IMO it should generally be avoided, and is generally not very "Swifty". I had forgotten it was even there when it was brought up recently
I think it should be seen as an advanced feature only to be used in very specific performance and/or legacy-code-compatability reasons. It depends on the audience whether it should be tought, but FWIW I expect that are many people currently getting paid to write Swift that don't even know about it .
It's breaks the normal control flow and kind of (IMO) the "Switch" metaphor, makes it so you have to read it very carefully to know the expected behavior, and behaves like nothing else does in Swift.
It feels like the kind of inherently unsafe (in terms of easily produced bugs and unexpected behavior when refactoring) thing that Swift has generally done away with.
I have a non-toy example. It seems to be very natural to use while splitting a cubic Bézier curve into two curves at a given point using de Casteljau's algorithm. Or at least it does to me. I’m splitting curves because I have a 20” by 12” laser cutter and want build objects larger the. 20” by 12” and sometimes this is easier to do by just making the larger object splitting the curves, and adding some notches and whatnot down one edge.
As a practical example look at the wooden shelving in the corner of this desk:
You're probably not looking for feedback, so feel free to ignore this as it's not intended as criticism. However more generally I think this is a good example where fallthrough isn't necessary, but makes legacy code easier to convert to Swift.
For instance instead of the for loop:
You could instead do:
left.append(points[0]) //points always has at least 2 elements, so this is safe
left.append(points[newCount]) //equal to newcount -1 + 1
(0 ..< newCount).forEach {
newPoints.append(points[$0] * (1 - t) + points[$0 + 1] * t)
}
I'm not familiar enough with your problem space to quickly grep what the full function does, but I believe the logic is identical. It should even be faster since the switch wouldn't be evaluated every iteration.
Given it looks like this was an existing algorithm that was converted to Swift, I would probably just use fallthrough as well but there are very few situations where there aren't other approaches that achieve the same result.

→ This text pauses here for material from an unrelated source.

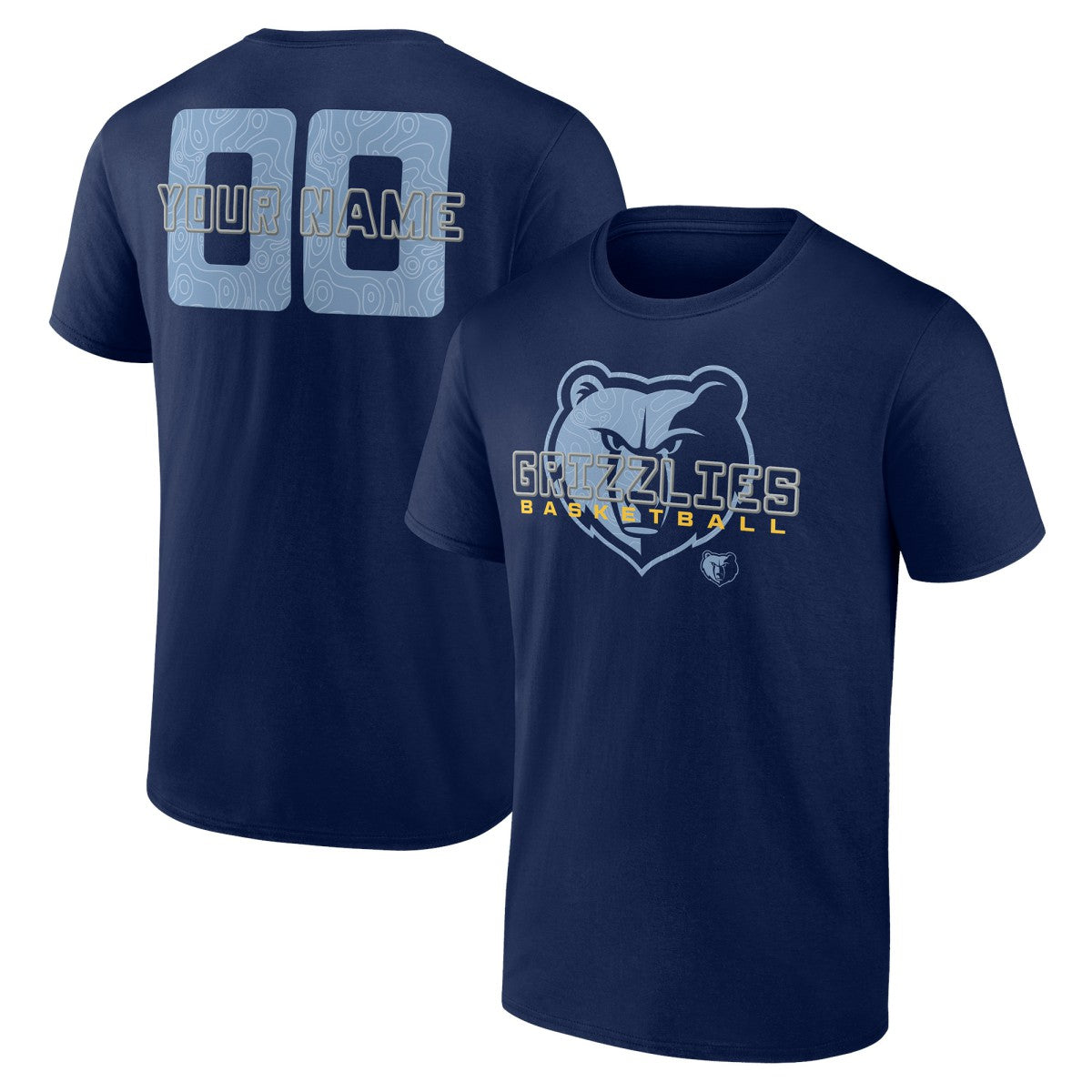 Navy Memphis Grizzlies Stellar Personalized Name & Number T-Shirt | NBA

It absolutely was converted from something else...I think pseudocode. There will always be another way to do it, Swift is touring complete after all. The question is "is the other way always better (or at least as good)".
I'm going to have to withdraw this example from "argument for (teaching) fallthrough", as your rewrite is a definite improvement.
In my defense the runtime of this Swift program is measured in seconds (and the runtime if you ignore the box packing to fit the design on an approximation of a minimal number of sheets of wood is really more like measured in "second"), but the actual cutting time is measured in tens of minutes I was optimizing for minimal bugs in minimal time to write. Not so much runtime.
Maybe I'll have to come up with a reason to implement some sort of p-code interpreter in Swift, I remember taking advantage of C's fall through the last time I did one of those...
This post got me thinking. Fallthrough seemed like the most obvious thing to me when I was first learning Swift, because of the expectation I built from C. However, almost all of the use-cases I would have had for fall through, are better handled by comma delimited cases.
It could have not existed all along, and I wouldn't have noticed, if not for the misleading expectation I picked up from C.